There was some interest in having undervolting feature in current 
kernel. I did a patch some time ago which was merely a rewrite of est 
(http://mail-index.netbsd.org/tech-kern/2006/06/10/0006.html). It wasn't 
a way to go because of many changes needed to adjust it when something 
changed in original est. New patch is completely different in a such way 
that it tries to make *minimal* changes to the original est.

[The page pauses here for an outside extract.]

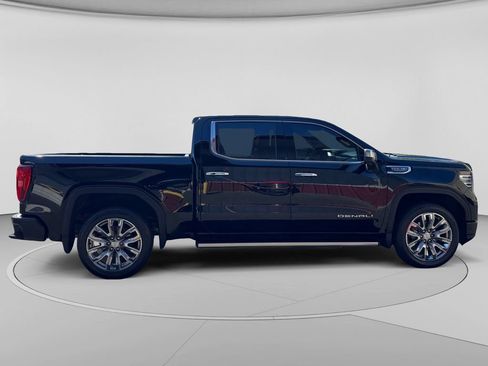 Used 2024 GMC Sierra 1500 Denali AWD/4WD image 6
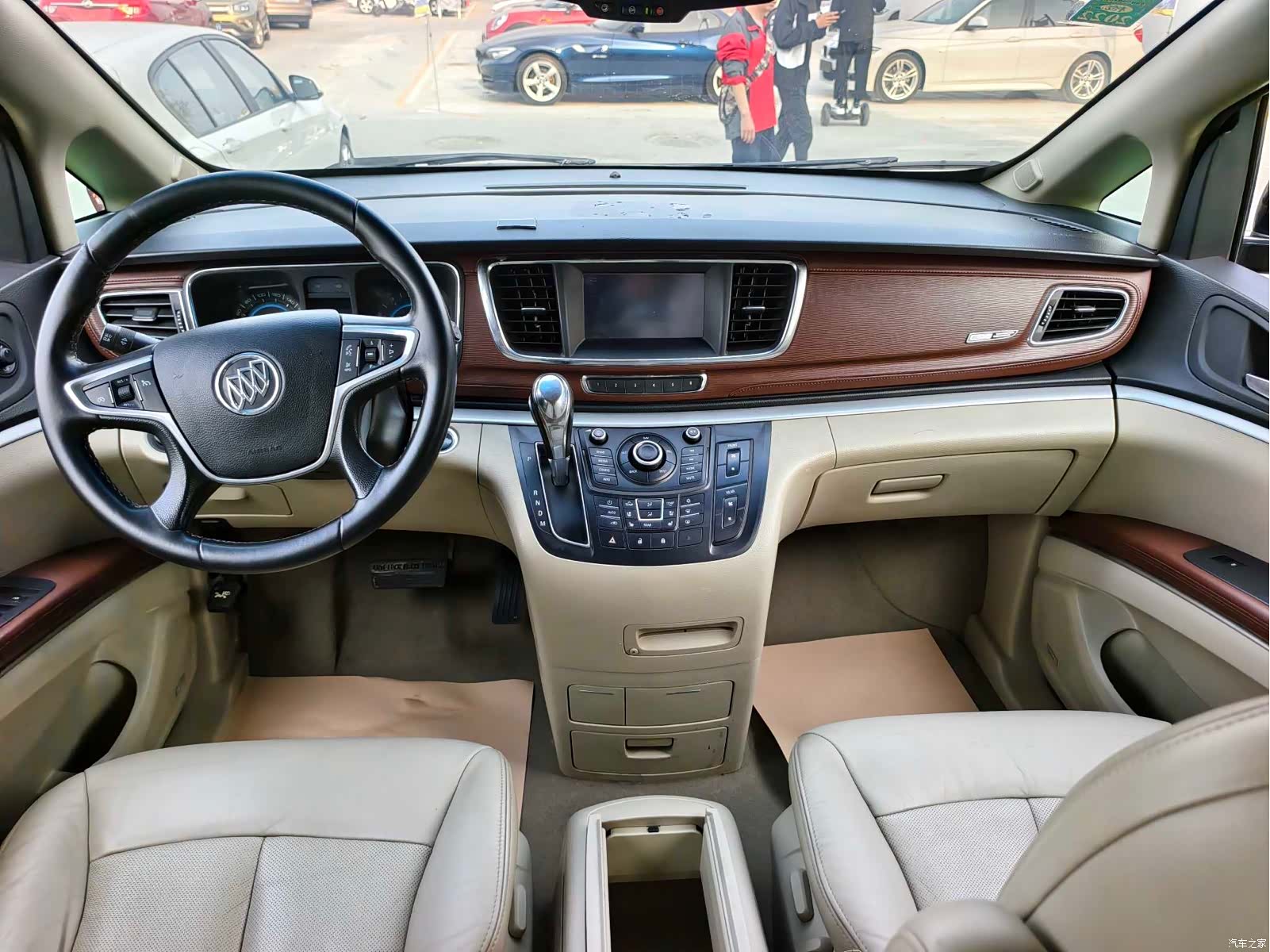 Buick GL8, 2016 10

Because of the minimal changes "requirement", there are some things 
which are *ugly* (line numbers correspond to attached diff file):

a) some parts were copied from est, namely fqlist + some defines (lines 
89 - 112) + code which sets the frequency (reset_operating_point() 
function, lines 177 - 195). This could be solved by having an est.h 
header file and an implementation of setting operating point in est.c 
accessible from outside.

b) the __UNCONST dance... This is needed because of const table member 
in fqlist and the const of the fqlist pointer itself 
(est_uv_setup_fqlist(), lines 422-459 and assign_undervolted_value(), 
lines 198-208). This could be solved by un-const-ing relevant members.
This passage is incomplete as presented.